Dolph cursed for about thirty seconds straight. Then he said, “She was just getting good at handling MF’s tantrums.”
“Yup.”
“They want a feud, don’t they?”
“He was aiming for me.”
“Sure?”
“Pretty sure.”
“The only surprising part is I’m surprised. That faggot asswipe. If he wanted you he should’ve drawn down on you in the parking lot. I thought he was going to let it go.”
“He’s not a sniper. You see anyone up top of their ships?”
“Couple of maintenance guys.”
“Anything else?”
“They’re selling shit out of the back of their ships. Bootleg skins. Body-mod packages. They’ve even got a surgeon doing implants. Line’s out to here.”
“Let’s do a recce.”
We dropped our backpacks under a tree and flowed through the last few meters of the woods. Crouched flat, we parted the vines with our noses, a millimeter at a time.
I froze.
I was looking at the legs of a Sunderer drang.
The junior soldier, identifiable as such by his black gaiters, stood with his back to us, casually holding one of those fancy-schmancy assault rifles with all the gewgaws. He was watching the crowd of people—refugees, shoppers, alien tourists—around the Sunderers’ impromptu ship boot sale.
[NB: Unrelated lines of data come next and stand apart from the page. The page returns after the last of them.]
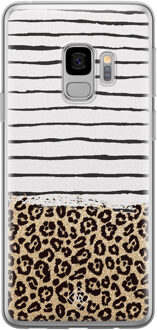 Casimoda Samsung Galaxy S9 siliconen telefoonhoesje - Leopard lines Bruin/beige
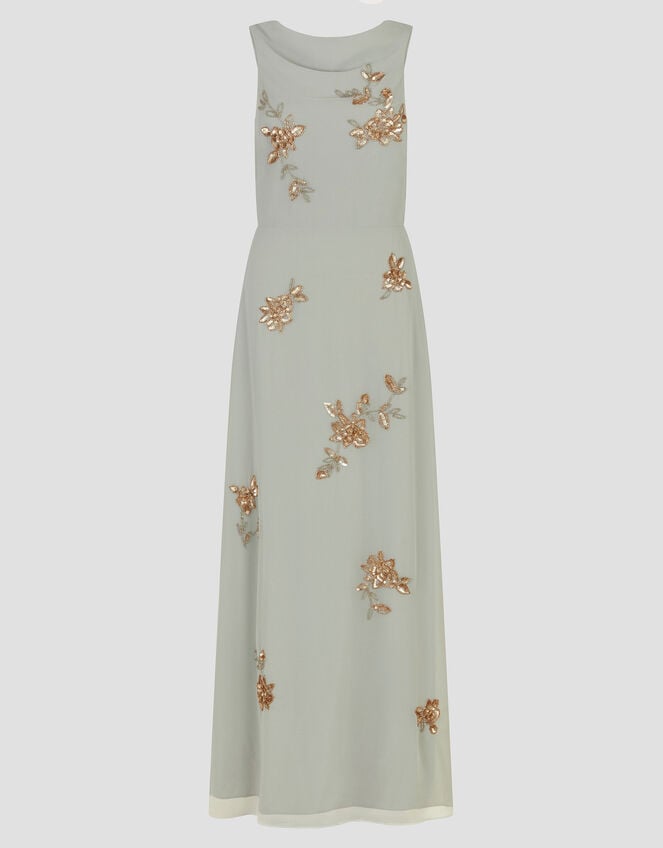 Sarah Embellished Cowl Neck Maxi Dress, Green (MINT), large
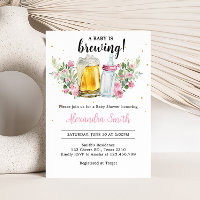 Girl Brewing Beer and Bottle Baby Shower 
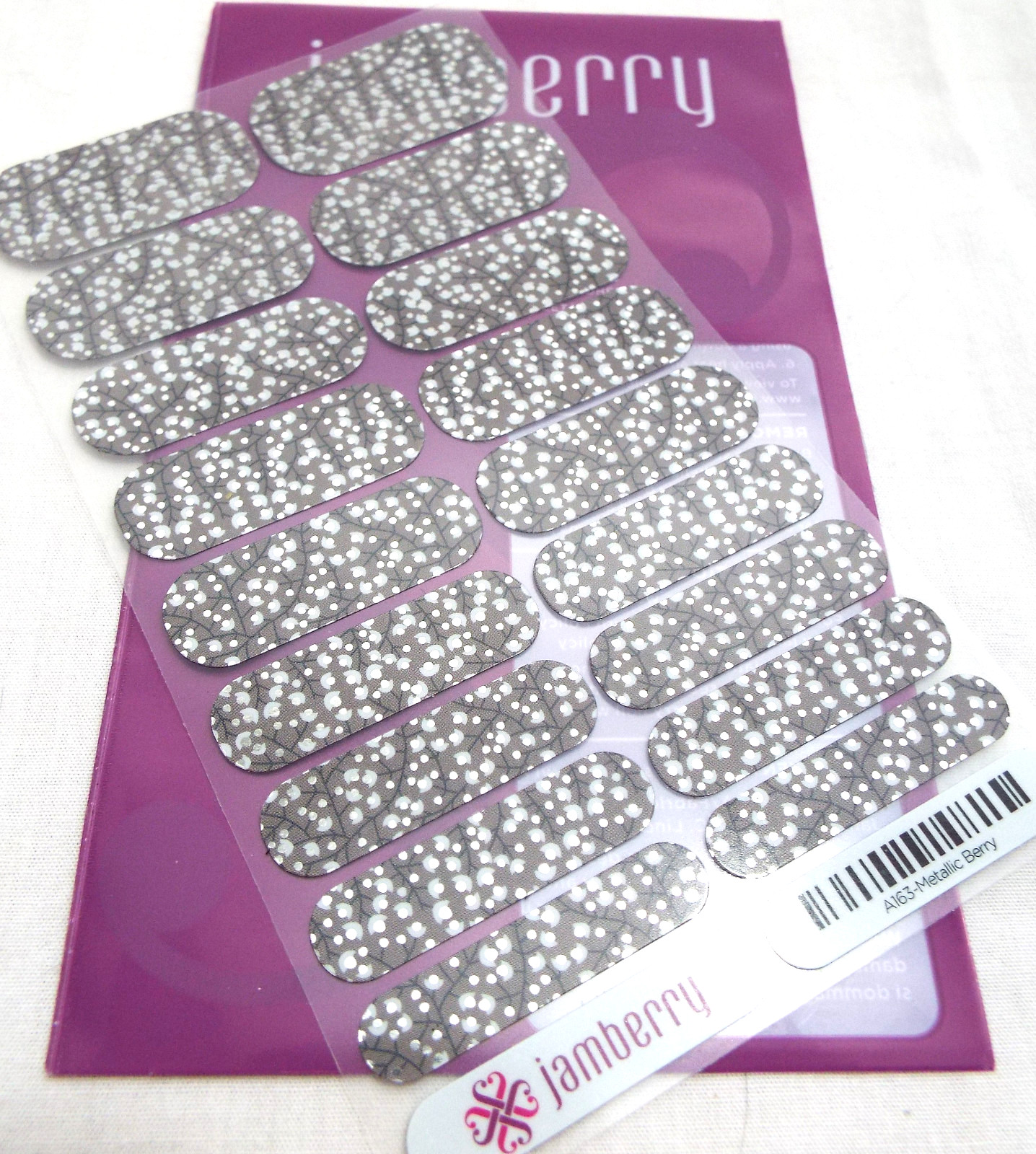 Jamberry Metallic Berry A163 Heat Activated Nail Wrap Full Sheet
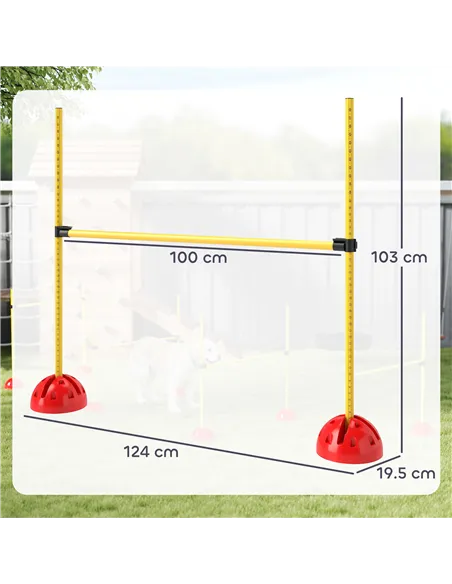 PawHut 4-piece Dog Agility Equipment with 4 Hurdles, Bag for Jump, Training, Yellow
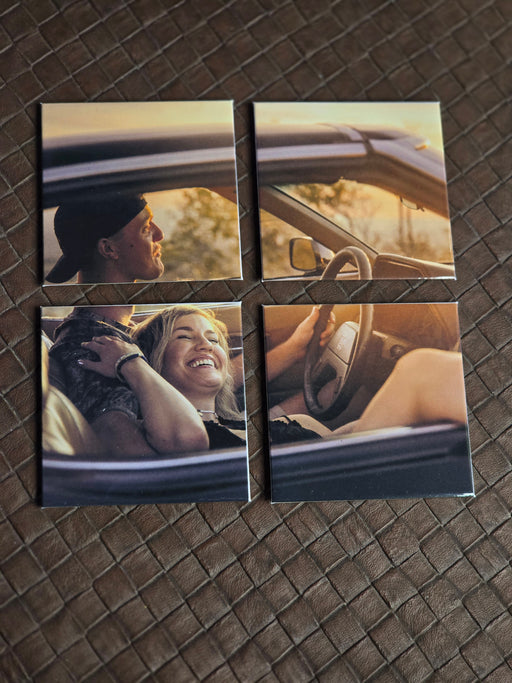 4-Piece Puzzle Magnet Set - couple photo separated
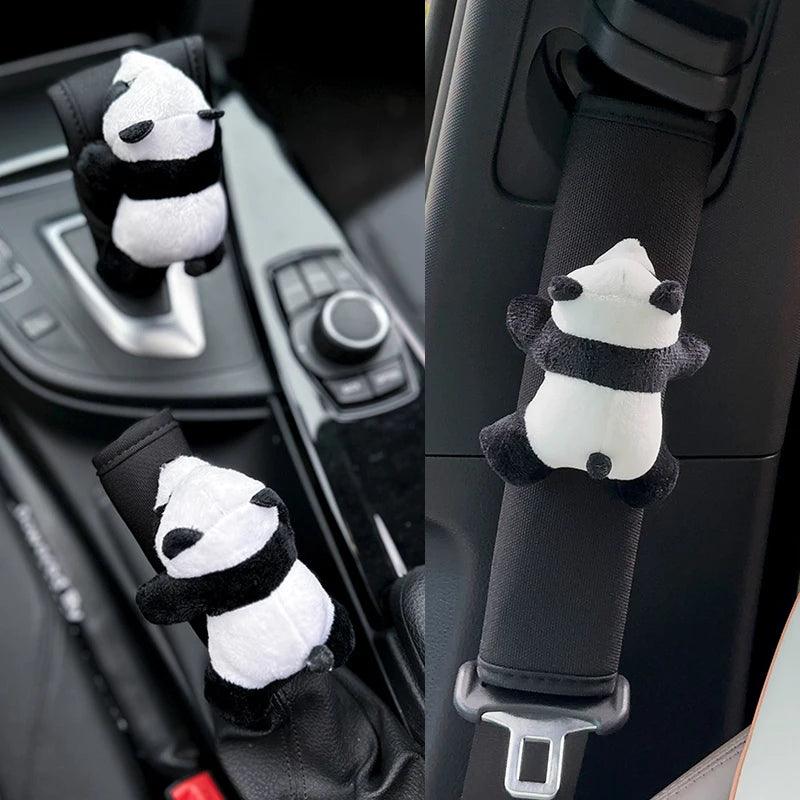 Ice Silk Panda Car Neck Pillow & Seat Belt Cover Set Universal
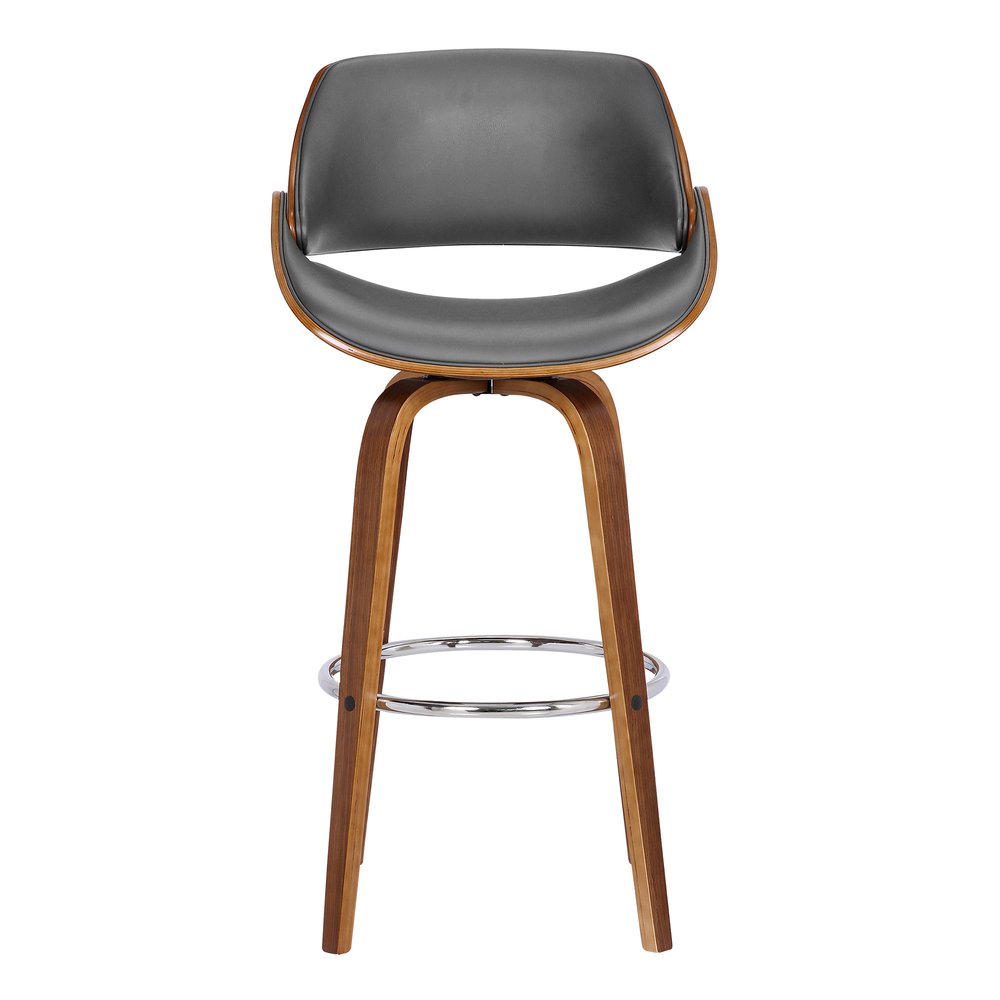 26" Gray And Brown Faux Leather And Fabric And Iron Low Back Counter Height Swivel Bar Chair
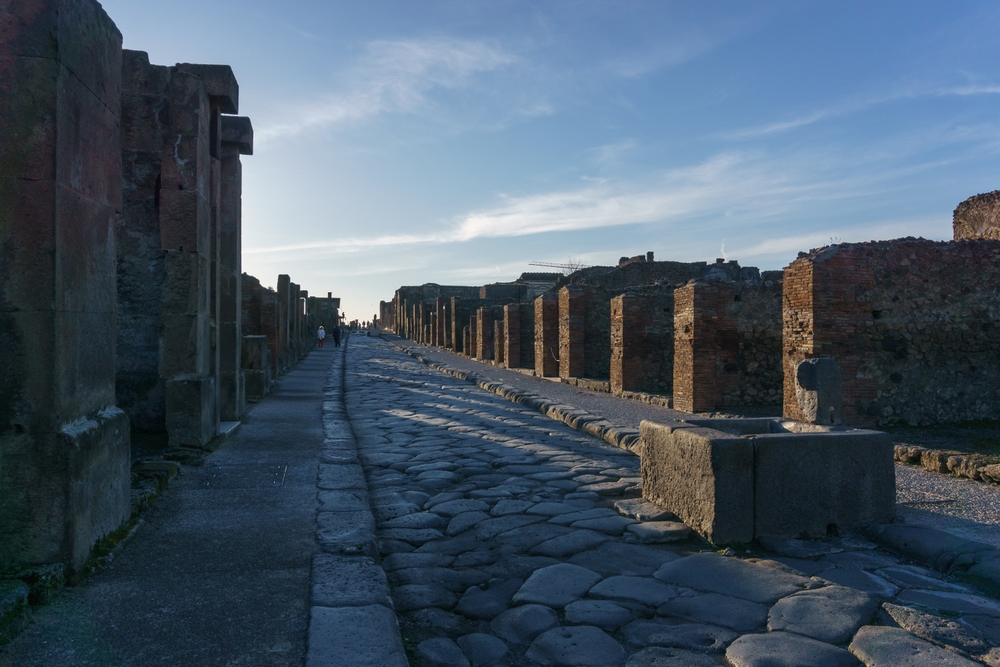 Ruined street and buildings in Pompeii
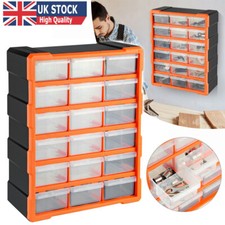 18 Multi Drawer Parts Organiser Wall Mount Storage Cabinet Tool Clear Plastic UK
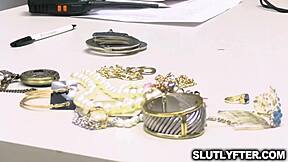 Crystal Chase's Big Tits Deepthroat Pleads with Officer Calvin to Ignore Shoplifting in Office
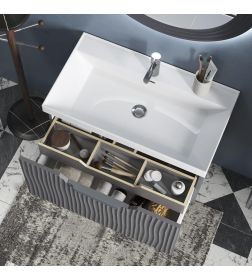 Тумба подвесная Equil Mirage 80.1Y с умывальником 78857(80)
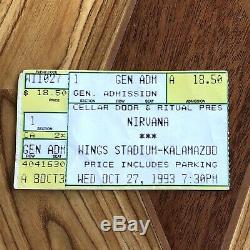 1993 Nirvana Kalamazoo Concert Ticket Stub Kurt Cobain Dave Grohl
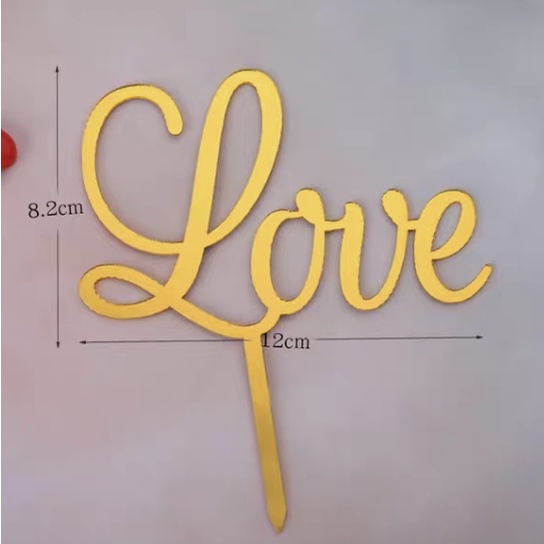 set 10 mica love trang trí bánh kem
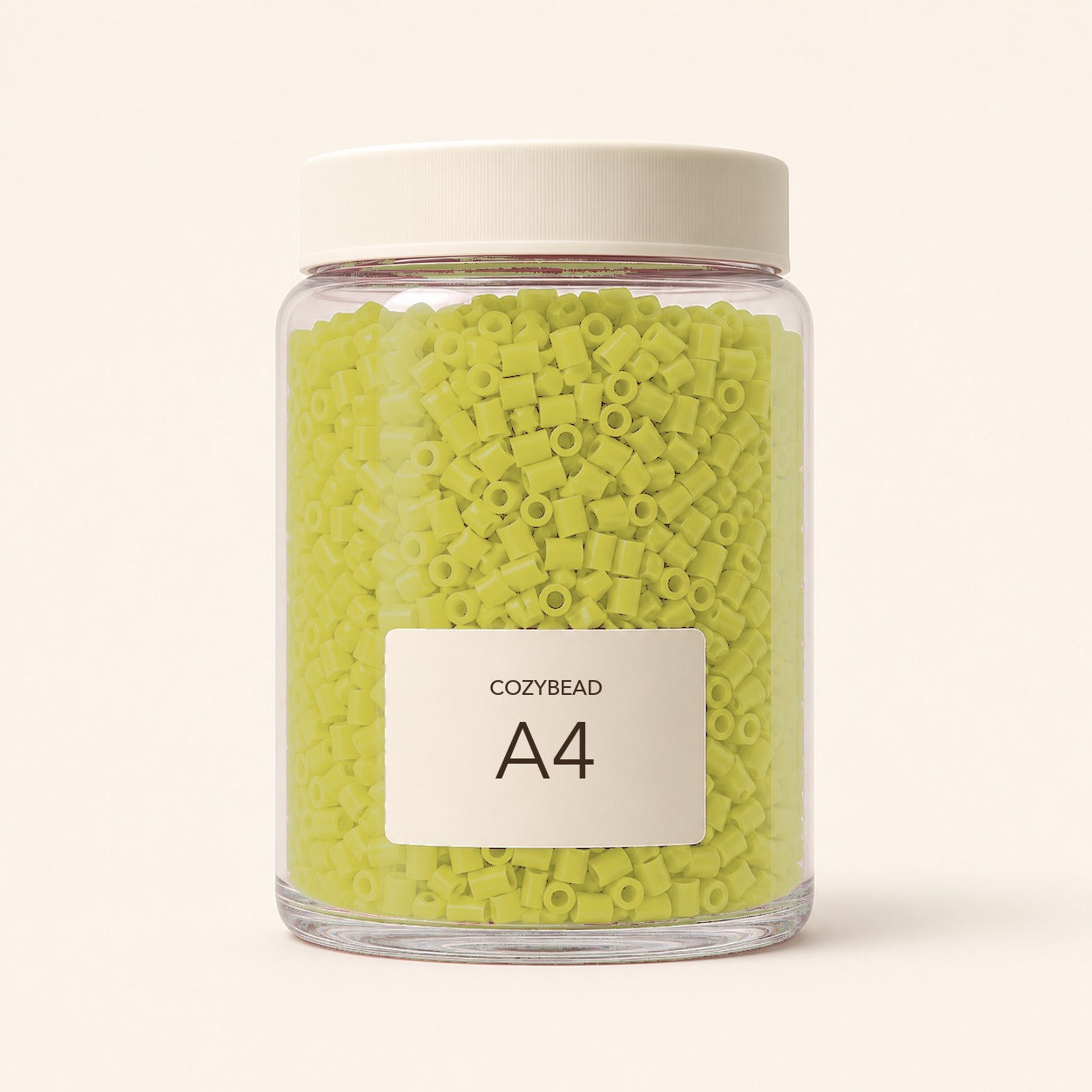 CozyBead A4 MARD single-color fuse beads in a premium clear jar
The intricately graffitied ship itself, as high as two houses and resting on a pair of auxiliary engines like duck feet, blocked the wind from several large screens, on which the Sunderers were showing off their digital wares. A line of people waited outside a grimy tent. I didn’t see Zane.
I did see the “maintenance guys” on top of the ship. They were tending to the ship’s .50 cal turret.
No freaking wonder that round had taken Kimmie’s head off. Our “sniper” had been the Sunderers’ .50 cal gunner.
The good news was they couldn’t lower the elevation of that thing far enough to shoot up their own pad, even if they wanted to. It was for area clearance. The Sunderers do a lot of that.
Dolph and I retired into the woods again.
His jackal’s big rabbit-like ears twitched. His lips curled back in a snarl. “Beast mode,” he whispered. It was a statement of intention, not a question. I still could have said no.
But the memory of Kimmie’s death overrode my misgivings. The very sight of these rapacious scumbags had revived the fury I felt when we met Zane. “Beast mode,” I confirmed. My heart was already starting to thud in anticipation.
We split up.
Dolph went west around the pad, to the other side of the ship.
I went back to the drang’s location and crouched directly behind him.
I gave Dolph a count of twenty to get into position.
Then I gathered myself and leapt out of the vines, pouncing onto the drang’s back.